An exact retyping of all lines below is the answer; pictures do not belong in it.

+++ DATASET EXCERPTS +++

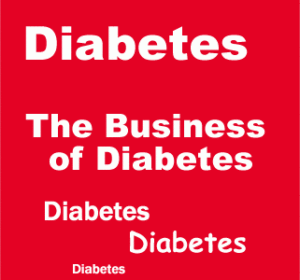 Business Of Diabetes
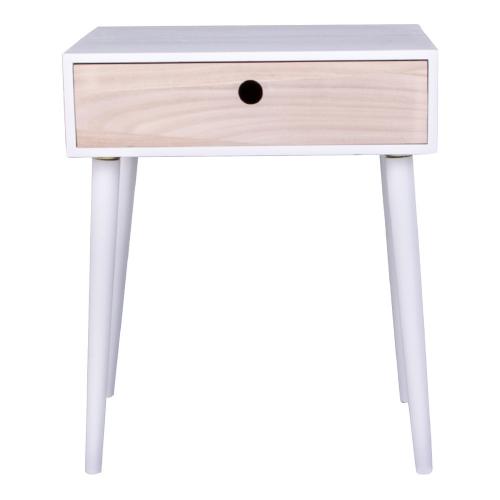Parma Chest 1 drawer
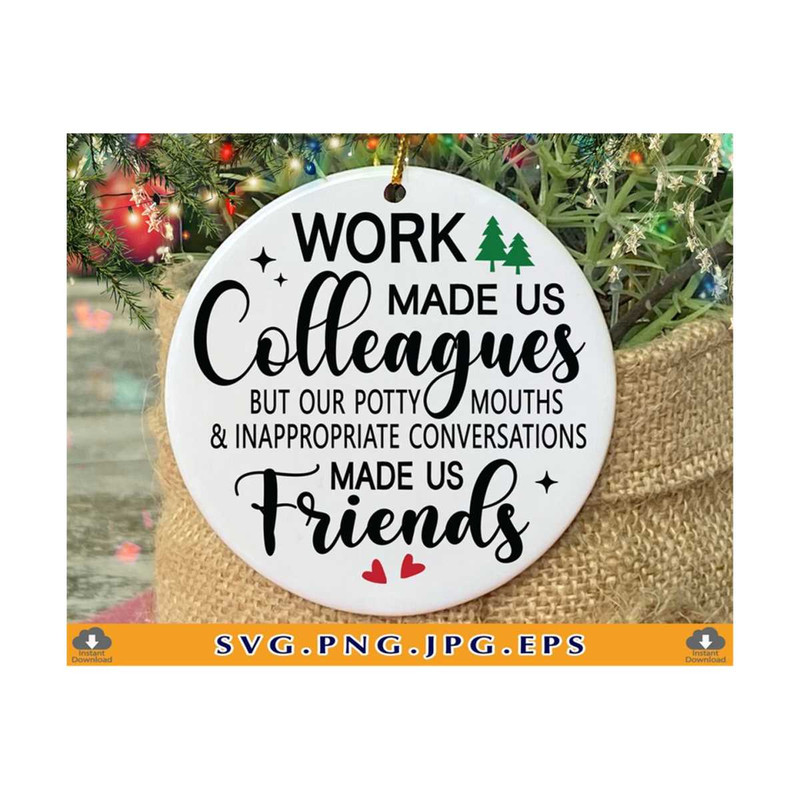 MR-8102023076-work-made-us-colleagues-svg-coworker-christmas-gift-svg-image-1.jpg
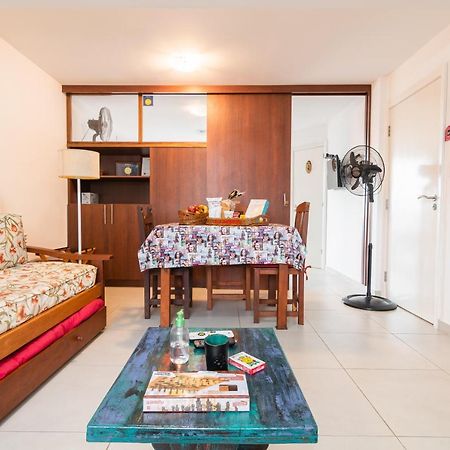 Los Asturianos Apart Amentos มาร์เดลปลาตา ภายนอก รูปภาพ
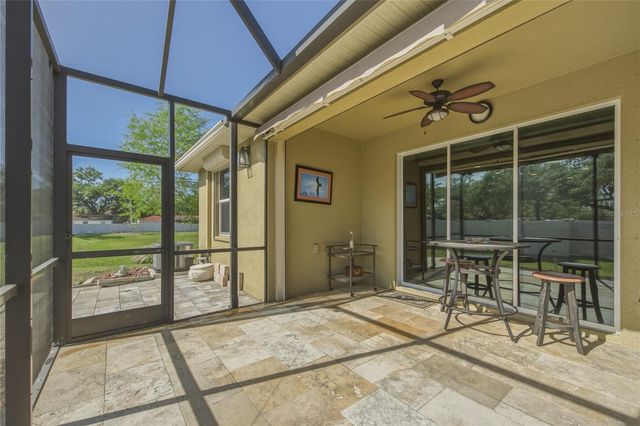 8017 PINE CREST STREET, Seminole, FL 33777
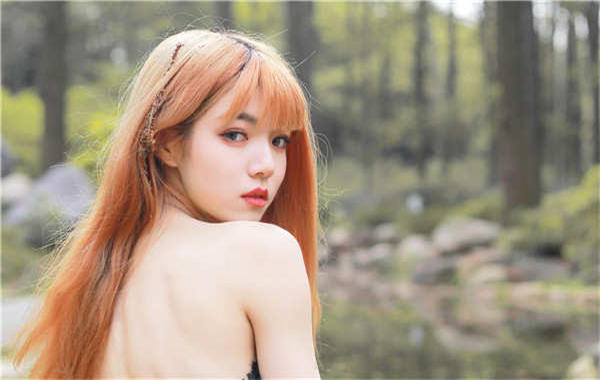 辽宁做抽血化验男女多少钱(抽血化验男女需要多少钱)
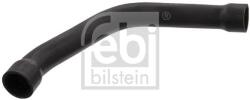 Febi Bilstein Hadica chladenia FEBI BILSTEIN 30472 (30472)
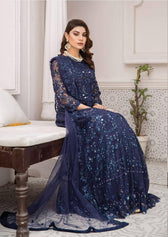 img_kiswah_wedding_edition_awwal_boutique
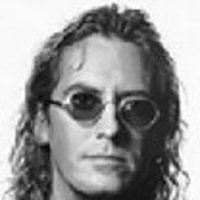 RICK STEIER</h3><p>Guitare-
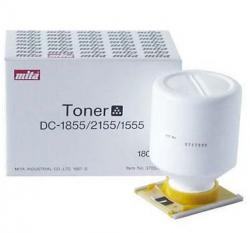 Toner MITA DC-1555/1855 org. 2szt Toner MITA DC-1555/1855 org. 2szt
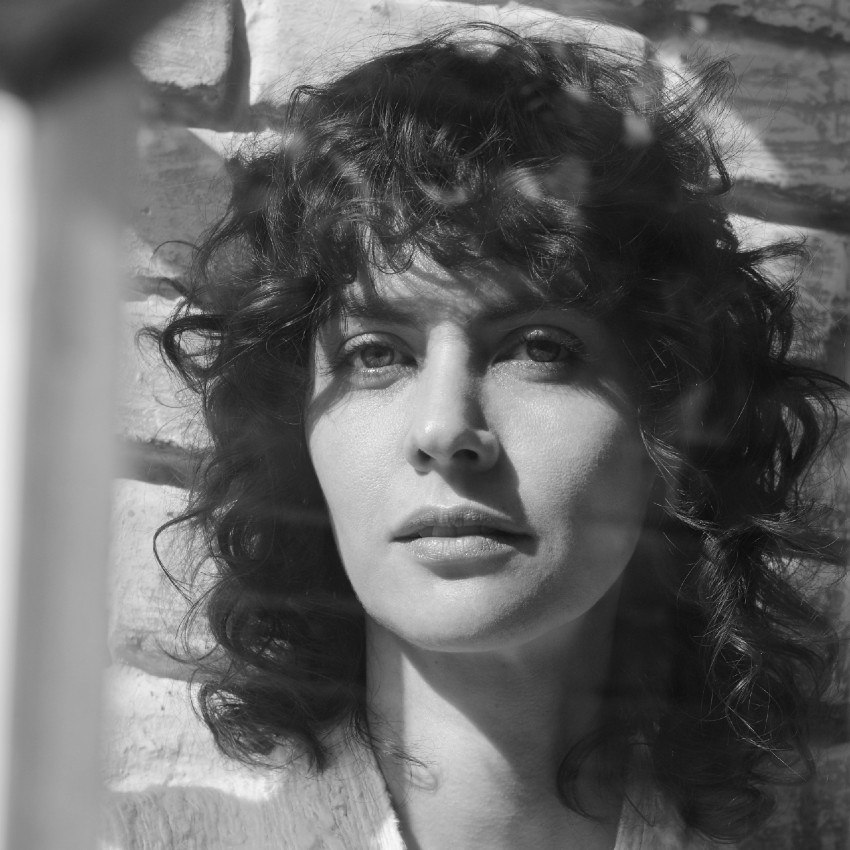 María Alejandra Torres Agudelo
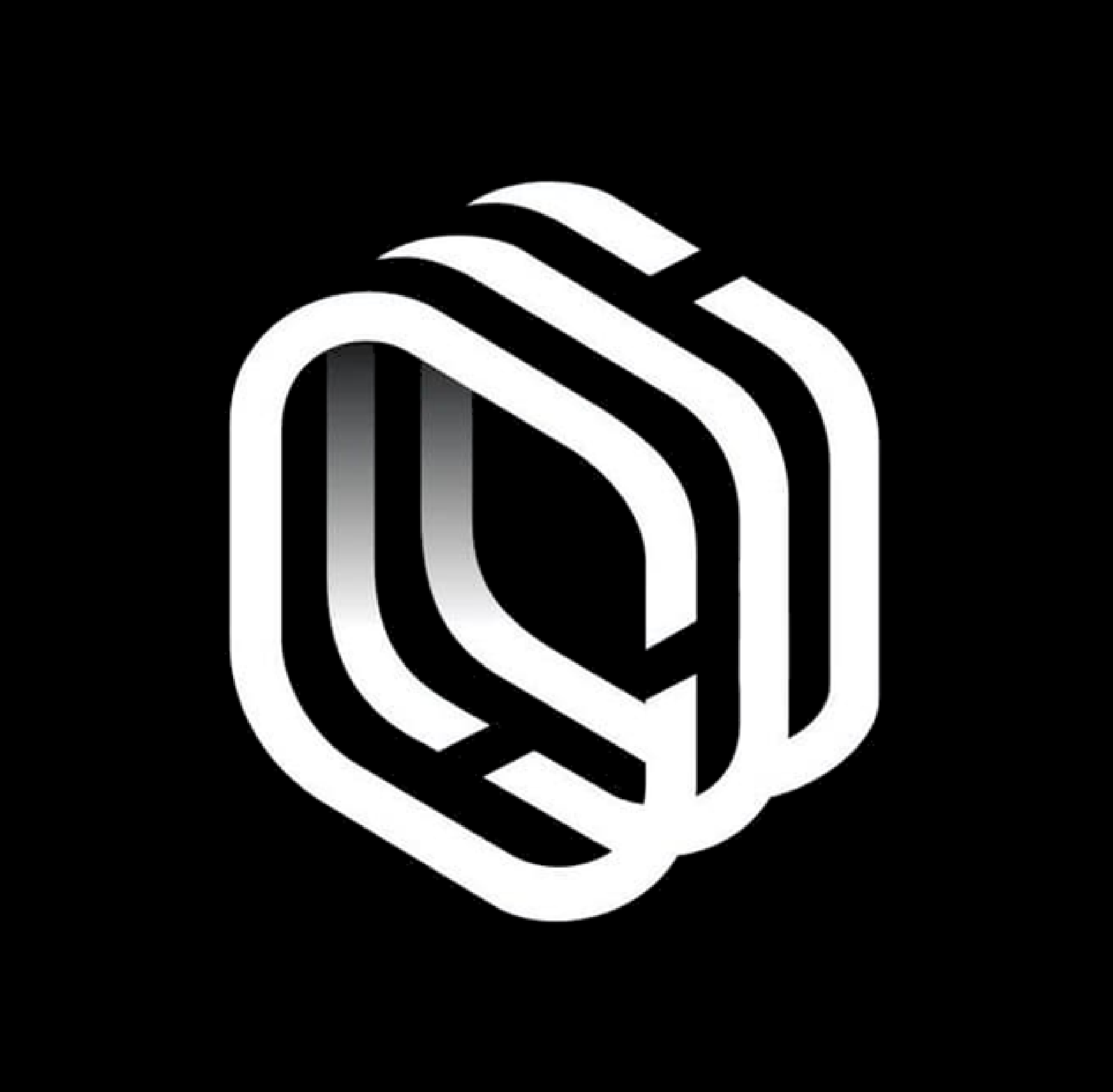 Biểu tượng logo của Cypherium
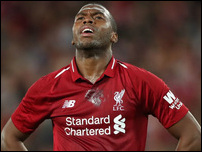 ������� ��������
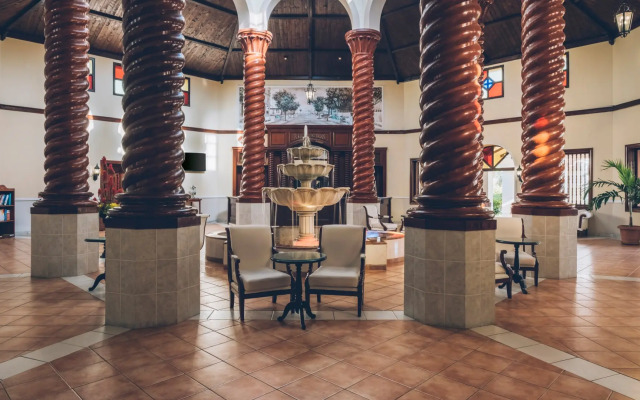 Iberostar Playa Alameda Varadero All Inclusive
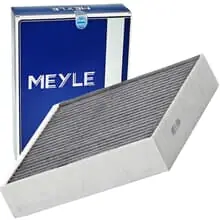 Jetzt Bestellen MEYLE POLLENFILTER INNENRAUMFILTER passend für MERCEDES VITO V-KLASSE W447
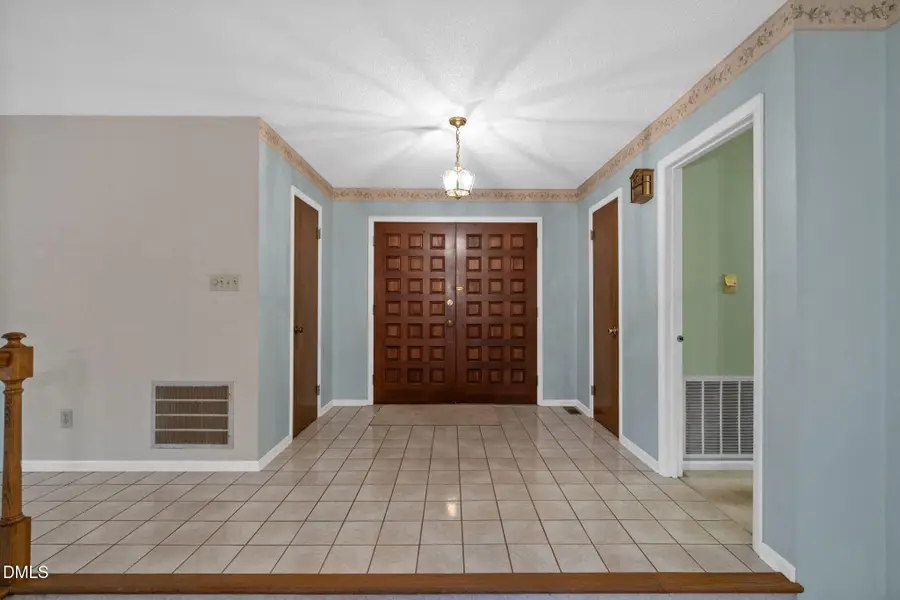 6913 Lake Wheeler Road, Raleigh, NC 27603 - Image #2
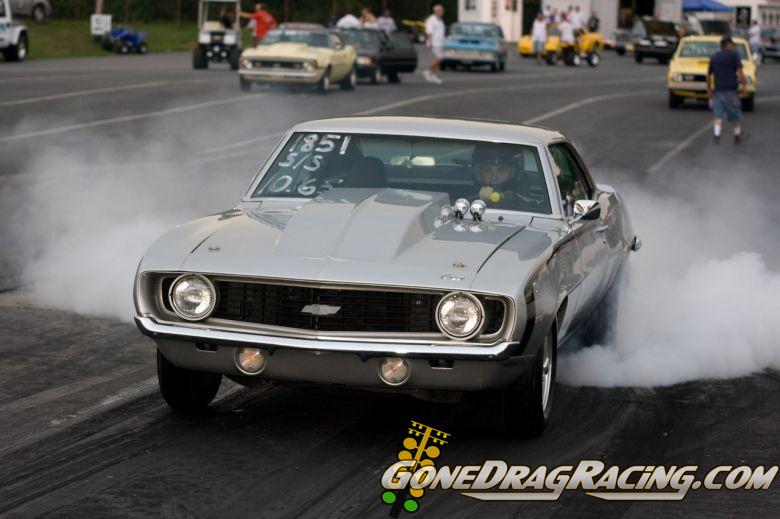 Keywords: Drag Racing Cecil County Dragway Outlaw 10.5 Drag Radial Index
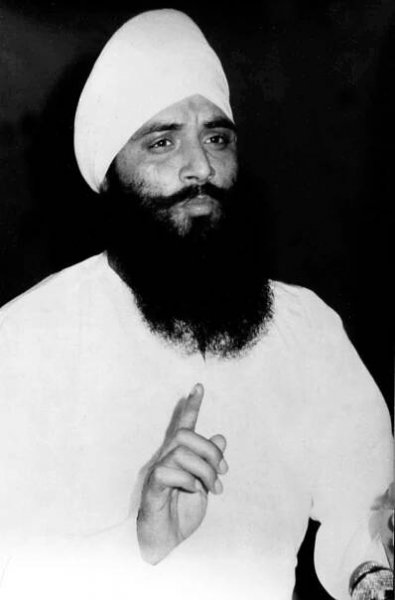 Gallery - Rabbi Darshan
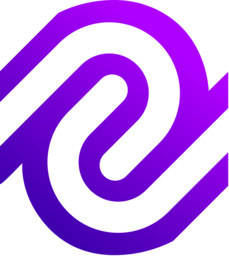 Civils.ai logo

+++

**TASK SOLUTION**
 Business Of Diabetes
Parma Chest 1 drawer
 MR-8102023076-work-made-us-colleagues-svg-coworker-christmas-gift-svg-image-1.jpg
 Los Asturianos Apart Amentos มาร์เดลปลาตา ภายนอก รูปภาพ
 8017 PINE CREST STREET, Seminole, FL 33777
 辽宁做抽血化验男女多少钱(抽血化验男女需要多少钱)
 Febi Bilstein Hadica chladenia FEBI BILSTEIN 30472 (30472)
 img_kiswah_wedding_edition_awwal_boutique
 RICK STEIER</h3><p>Guitare-
 Toner MITA DC-1555/1855 org. 2szt Toner MITA DC-1555/1855 org. 2szt
 María Alejandra Torres Agudelo
 Biểu tượng logo của Cypherium
 ������� ��������
 Iberostar Playa Alameda Varadero All Inclusive
 Jetzt Bestellen MEYLE POLLENFILTER INNENRAUMFILTER passend für MERCEDES VITO V-KLASSE W447
 6913 Lake Wheeler Road, Raleigh, NC 27603 - Image #2
 Keywords: Drag Racing Cecil County Dragway Outlaw 10.5 Drag Radial Index
 Gallery - Rabbi Darshan
 Civils.ai logo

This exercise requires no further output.